If a line of the records holds the word "Used", copy it out.

Dataset extract Start Marker

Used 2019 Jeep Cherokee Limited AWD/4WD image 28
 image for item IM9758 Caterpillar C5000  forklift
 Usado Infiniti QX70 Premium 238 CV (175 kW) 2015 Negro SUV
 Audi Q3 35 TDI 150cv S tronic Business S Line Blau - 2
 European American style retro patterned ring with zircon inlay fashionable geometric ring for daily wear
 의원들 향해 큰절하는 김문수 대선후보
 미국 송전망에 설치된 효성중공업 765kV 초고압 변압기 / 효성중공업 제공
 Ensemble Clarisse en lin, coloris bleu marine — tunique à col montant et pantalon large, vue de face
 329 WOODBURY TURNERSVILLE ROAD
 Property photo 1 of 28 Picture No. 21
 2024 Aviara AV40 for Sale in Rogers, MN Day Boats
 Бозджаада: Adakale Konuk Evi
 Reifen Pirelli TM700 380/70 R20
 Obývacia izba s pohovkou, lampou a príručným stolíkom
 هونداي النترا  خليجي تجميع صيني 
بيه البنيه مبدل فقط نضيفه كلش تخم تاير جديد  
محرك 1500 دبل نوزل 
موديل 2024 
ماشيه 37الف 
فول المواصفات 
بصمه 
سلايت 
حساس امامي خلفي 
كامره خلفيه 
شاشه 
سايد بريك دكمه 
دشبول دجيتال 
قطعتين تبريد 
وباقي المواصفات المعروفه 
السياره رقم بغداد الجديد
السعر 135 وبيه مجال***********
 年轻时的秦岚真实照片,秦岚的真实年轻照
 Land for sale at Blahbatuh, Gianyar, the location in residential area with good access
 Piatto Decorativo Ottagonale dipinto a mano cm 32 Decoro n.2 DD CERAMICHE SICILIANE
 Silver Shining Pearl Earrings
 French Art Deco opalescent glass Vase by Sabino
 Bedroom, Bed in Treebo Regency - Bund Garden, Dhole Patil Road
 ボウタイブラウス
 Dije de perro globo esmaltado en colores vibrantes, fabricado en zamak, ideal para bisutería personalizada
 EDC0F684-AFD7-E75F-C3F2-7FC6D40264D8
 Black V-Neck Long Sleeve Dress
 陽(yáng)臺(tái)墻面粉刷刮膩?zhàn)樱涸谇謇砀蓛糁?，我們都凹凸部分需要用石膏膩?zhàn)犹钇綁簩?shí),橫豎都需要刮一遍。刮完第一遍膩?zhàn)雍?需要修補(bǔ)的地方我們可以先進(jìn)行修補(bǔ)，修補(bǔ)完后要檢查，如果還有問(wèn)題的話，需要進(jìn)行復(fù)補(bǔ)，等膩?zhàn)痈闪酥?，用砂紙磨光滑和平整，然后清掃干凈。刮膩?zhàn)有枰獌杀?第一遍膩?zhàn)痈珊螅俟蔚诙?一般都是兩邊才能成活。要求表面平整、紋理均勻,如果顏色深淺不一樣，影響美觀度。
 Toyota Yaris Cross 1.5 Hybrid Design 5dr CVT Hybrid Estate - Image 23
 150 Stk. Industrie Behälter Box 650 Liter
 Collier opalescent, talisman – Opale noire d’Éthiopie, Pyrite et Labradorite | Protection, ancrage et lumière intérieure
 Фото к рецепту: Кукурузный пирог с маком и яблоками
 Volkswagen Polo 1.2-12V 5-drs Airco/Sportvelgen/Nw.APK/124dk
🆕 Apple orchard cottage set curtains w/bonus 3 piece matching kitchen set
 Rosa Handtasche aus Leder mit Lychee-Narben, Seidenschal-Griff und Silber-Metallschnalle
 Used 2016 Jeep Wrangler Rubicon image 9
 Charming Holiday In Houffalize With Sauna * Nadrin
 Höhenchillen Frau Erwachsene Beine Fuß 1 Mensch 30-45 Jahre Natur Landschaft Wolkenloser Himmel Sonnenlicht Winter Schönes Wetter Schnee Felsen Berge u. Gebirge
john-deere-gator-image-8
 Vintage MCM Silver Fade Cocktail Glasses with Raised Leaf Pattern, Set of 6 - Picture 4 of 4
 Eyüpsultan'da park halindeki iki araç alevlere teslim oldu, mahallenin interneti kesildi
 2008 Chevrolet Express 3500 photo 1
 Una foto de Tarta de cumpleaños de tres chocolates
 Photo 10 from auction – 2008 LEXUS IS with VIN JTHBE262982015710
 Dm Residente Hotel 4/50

Dataset extract End Marker

> Exercise result
Used 2019 Jeep Cherokee Limited AWD/4WD image 28
 Used 2016 Jeep Wrangler Rubicon image 9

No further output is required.